■ Items from a data source:

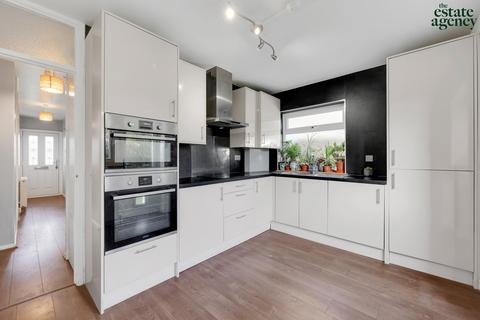 2 bedroom apartment to rent, Heathfield, London, E4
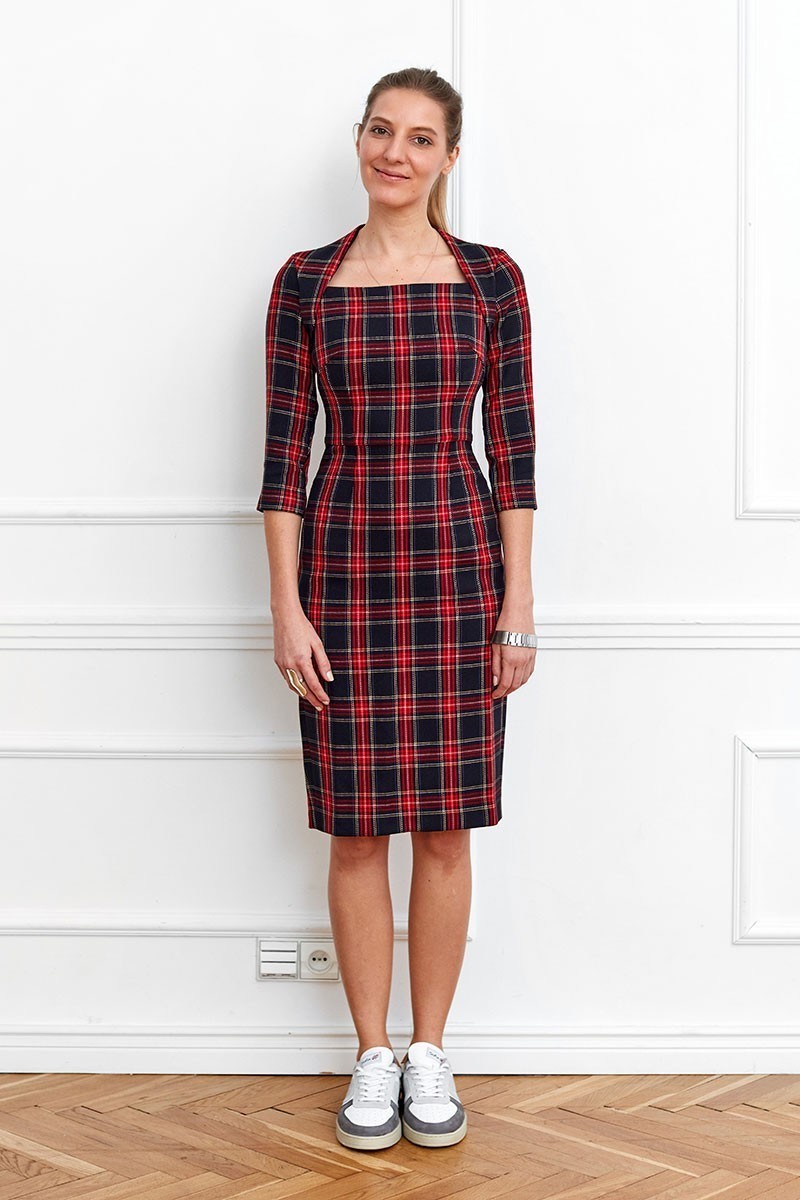BOLD AND BEAUTIFUL chequered red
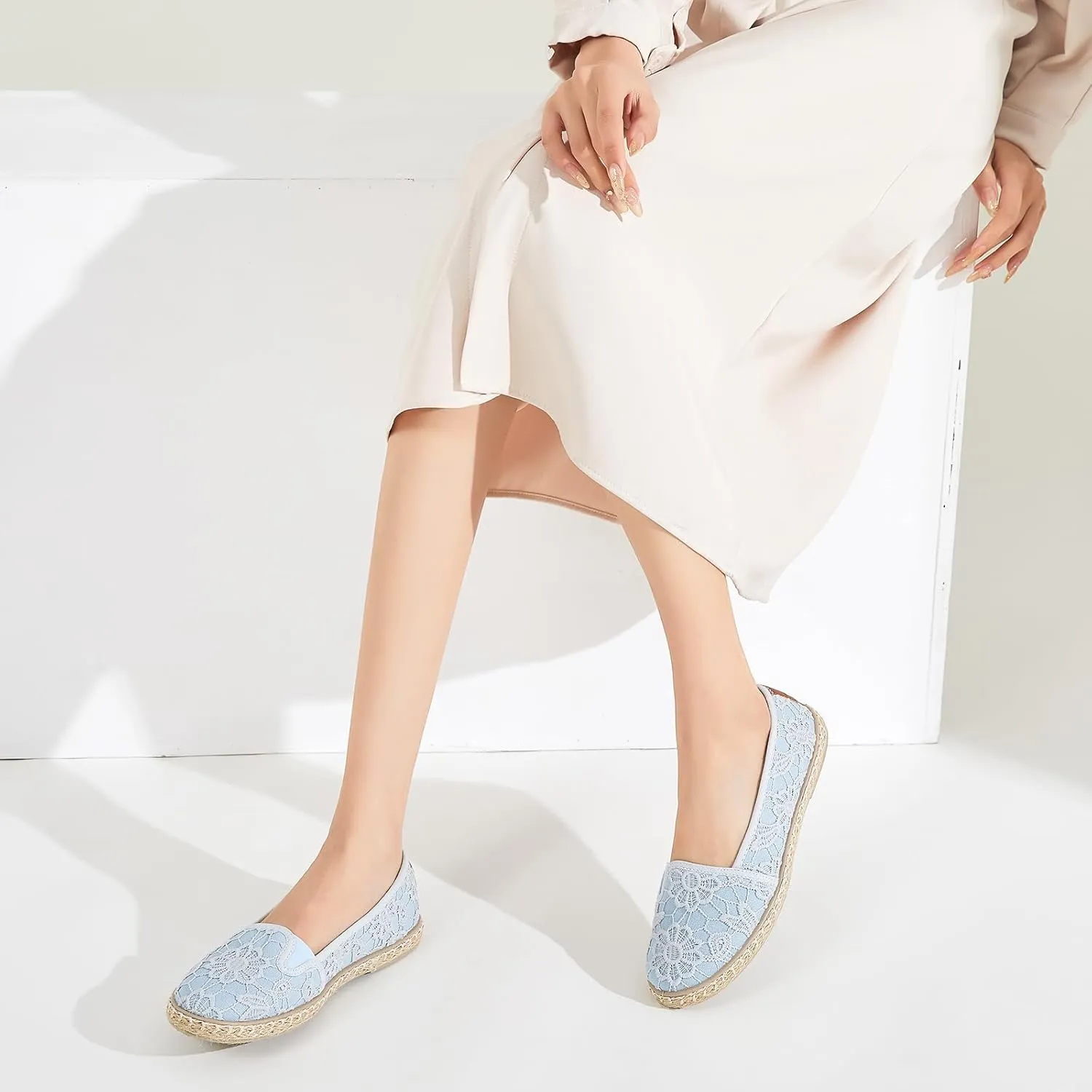 BABUDOG Women's Black Flats with Flower Embroideried,White Lace Ballet Flats,Comfortable Dress Flats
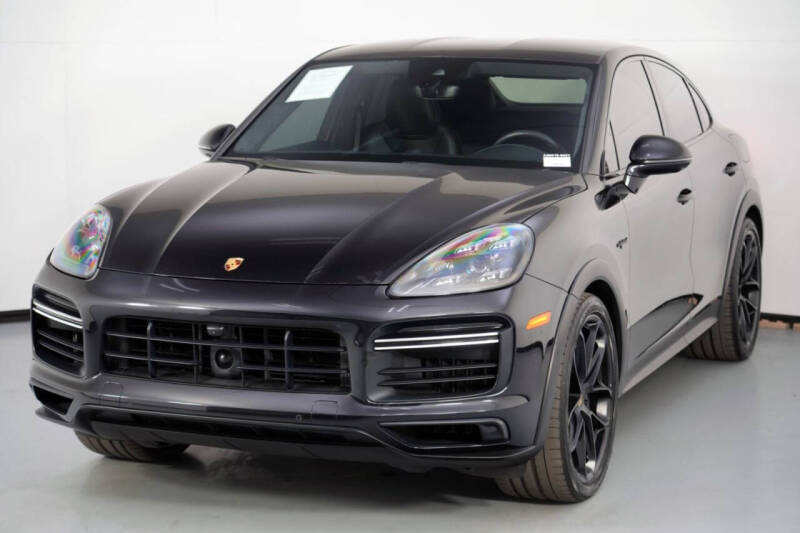2022 Porsche Cayenne Turbo S E-Hybrid Coupe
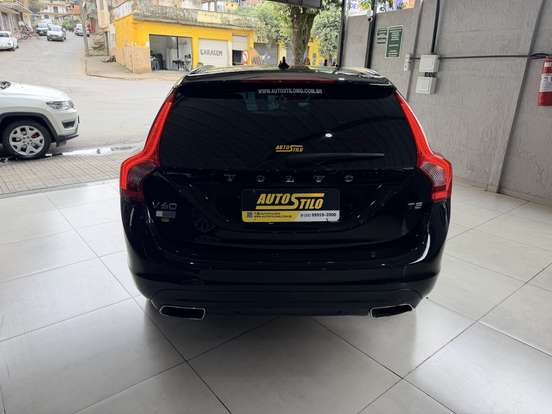 VOLVO-V60-2015
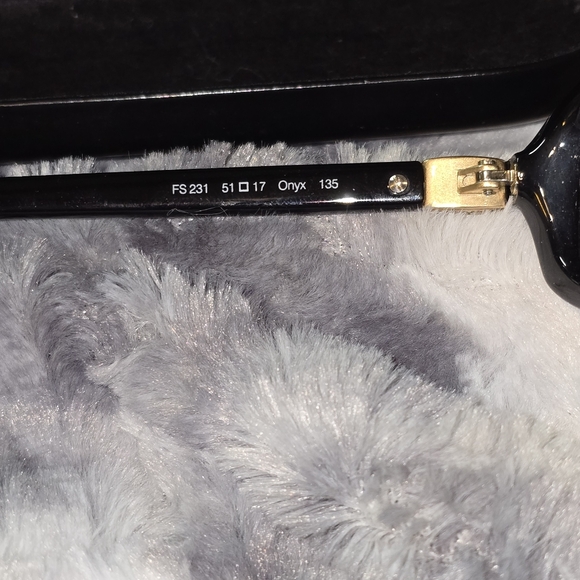 Fendi Glossy Black Sunglasses with Case Great Condition! - Picture 15 of 16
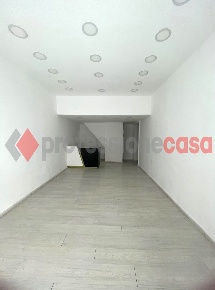 Foto Negozio in Via Sabato Robertelli 34, Salerno Torrione di 33 m²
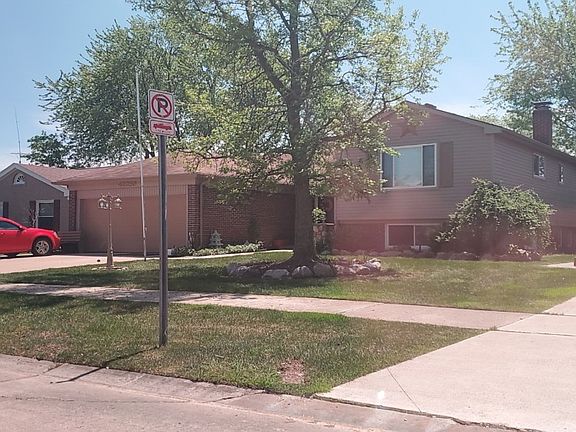 2nd image of 42259 Trotwood Ct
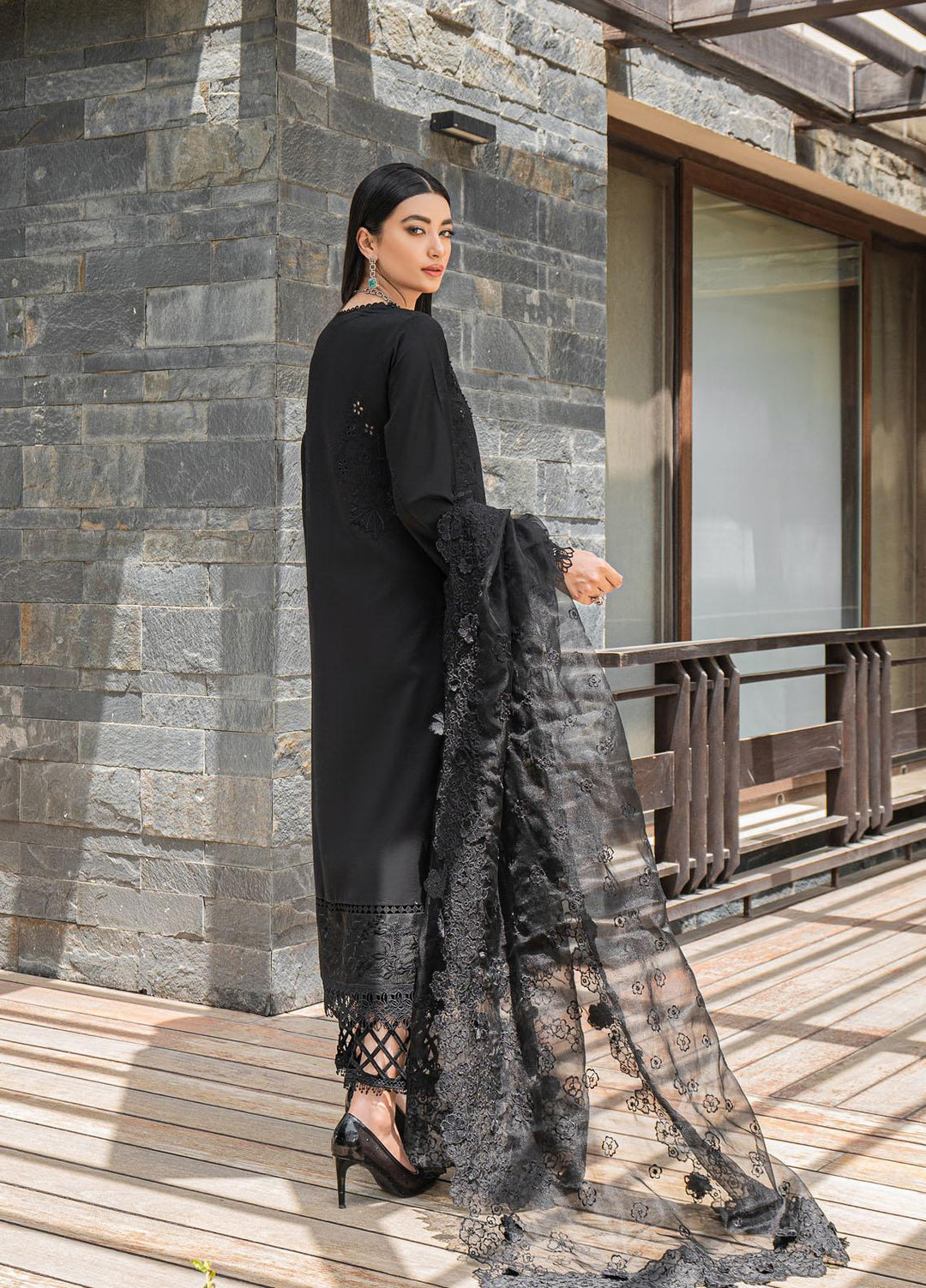 Mushq Ready to Wear  Lawn 3 Piece Dress MQ22ZN MMC22-01 VIENNA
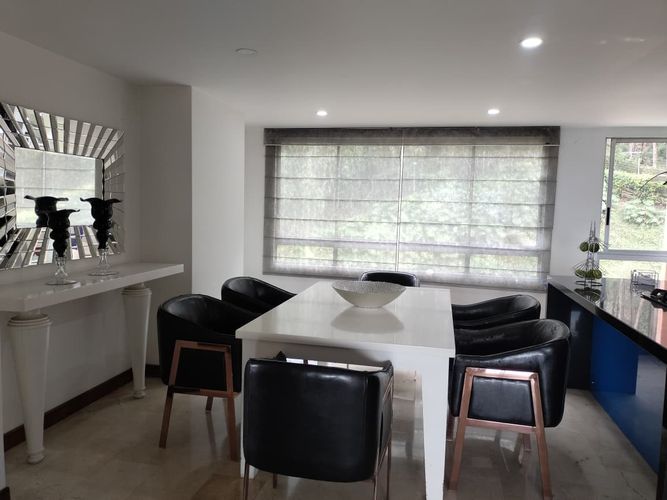 Apartamento de 1 alcoba en venta en El Poblado, Medellín, 227 m² · foto 9 de 19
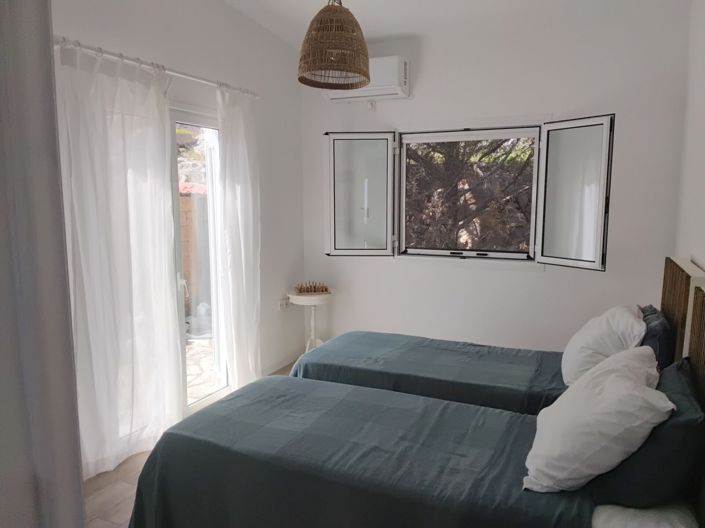 Image No.20-2 Bed Villa for sale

■ Required work:
Type out the data above again exactly as written, minus the images.

■ Response to the exercise:
 2 bedroom apartment to rent, Heathfield, London, E4
BOLD AND BEAUTIFUL chequered red
 BABUDOG Women's Black Flats with Flower Embroideried,White Lace Ballet Flats,Comfortable Dress Flats
2022 Porsche Cayenne Turbo S E-Hybrid Coupe
 VOLVO-V60-2015
 Fendi Glossy Black Sunglasses with Case Great Condition! - Picture 15 of 16
 Foto Negozio in Via Sabato Robertelli 34, Salerno Torrione di 33 m²
 2nd image of 42259 Trotwood Ct
 Mushq Ready to Wear  Lawn 3 Piece Dress MQ22ZN MMC22-01 VIENNA
 Apartamento de 1 alcoba en venta en El Poblado, Medellín, 227 m² · foto 9 de 19
 Image No.20-2 Bed Villa for sale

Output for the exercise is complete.